In one of my 0-1 initiatives my leadership wanted to add a specific workflow that would shave a few steps for the user but significantly increase the complexity of the whole feature. Even the very widely adopted competitor didn’t have it, and for an MVP it felt like overkill. I made every effort to strip it down or simplify it, but I couldn’t cut it entirely. The cost was months of iterations spent untangling a convoluted user experience.

Every product team I’ve worked with has this same quiet pull. A developer wants to slot in the shiny new framework. A designer wants to chase the UI trend the industry is moving toward. A PM wants to ship the clever feature they thought of in the shower. To be human is to want to create — and product builders are especially human.

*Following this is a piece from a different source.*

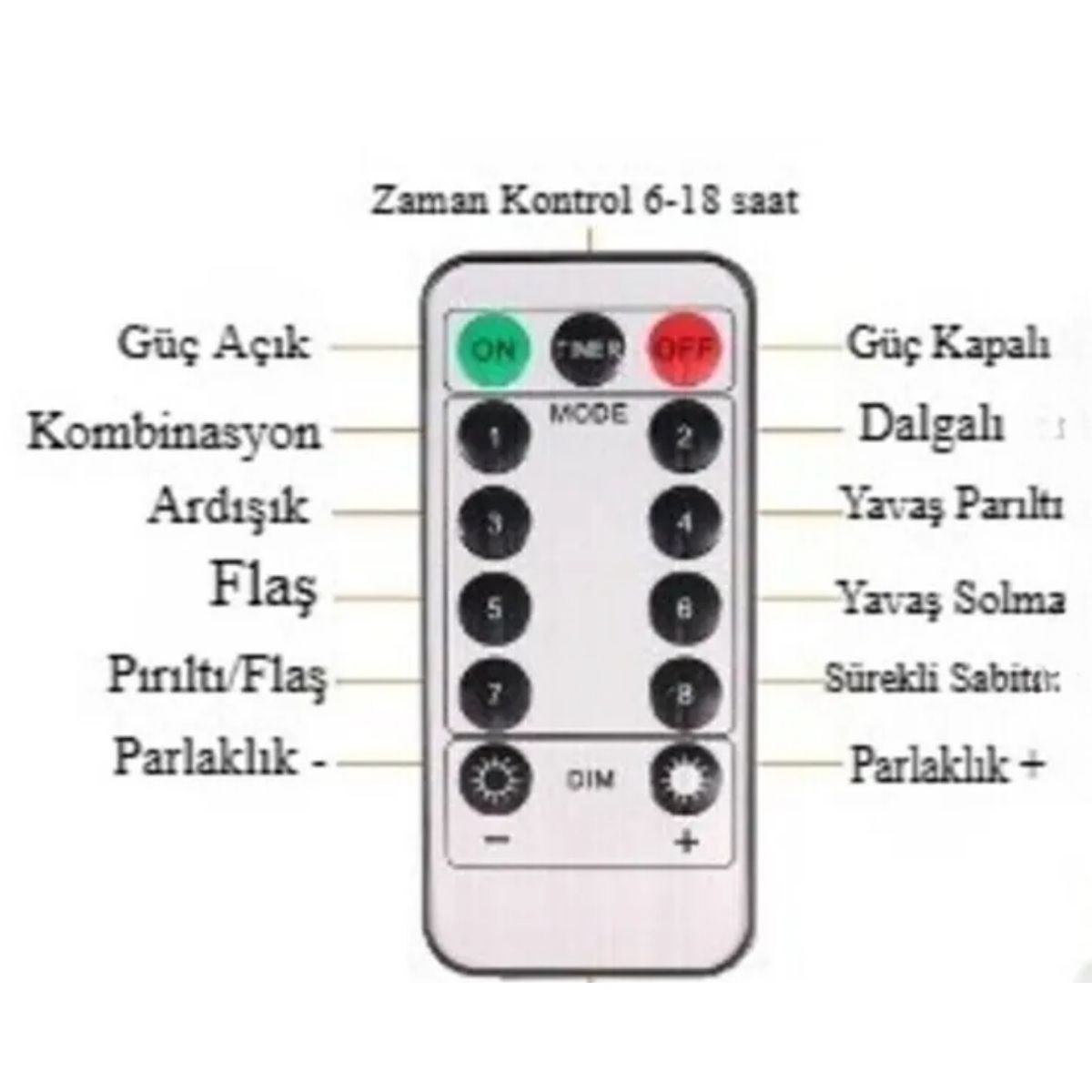 Uzaktan Kumandalı LED Perdeye Takılabilen Kancalı Işık Usb 3x3 Metre Peri Perde LED (4812)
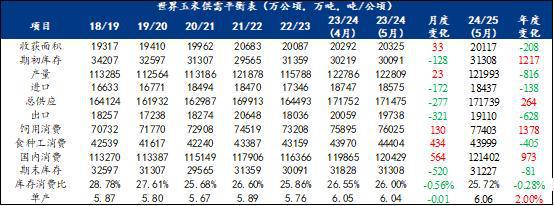 Mysteel解读：5月份世界玉米供需数据分析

But saying yes to everything as a product manager comes at heavy cost. Martin Fowler explains the costs really well when talking about the YAGNI principle:

  1. Cost of build - the cost of building something that users may not appreciate or use as much as we assumed
  2. Cost of delay - the cost of delay of not being able to release a feature that the user badly needed, but got blocked by this feature
  3. Cost of carry - every unnecessarily added complexity pulls extra effort at every stage to get out the door, right from solution ideation, design, development, testing and even marketing
  4. Cost of repair - unnecessary set of features that go stale result in Technical Debt which needs to be repaired

In a recent feature, something similar happened. But this time, I learned from my hard-earned mistakes and stood my ground. There was pushback, as expected, but I was persistent. I explained the pros and cons. I reiterated our goals and vision, and how the requested workflow would add only complexity at this stage of the product.


So how do you get good at saying no? Not by practicing the no itself. You get there by being good at what a PM already does:

  1. Use every resource at your disposal to completely understand the problem your users face
  2. Know what the best possible solution looks like
  3. Know what makes that solution profitable

Do those three well and you’ll know a bad idea the moment it lands on your desk — it simply won’t fit the circles you’ve drawn. Recognising the no was never the hard part.

The hard part is everything after. It takes conviction to hold the line when it’s your leadership, your favourite engineer, or your own shower-thought on the other side. And it takes the skill of a storyteller to say no in a way that leaves people nodding instead of resentful. And that part doesn’t come from a framework. It comes from getting it wrong and figuring out what works in your setup.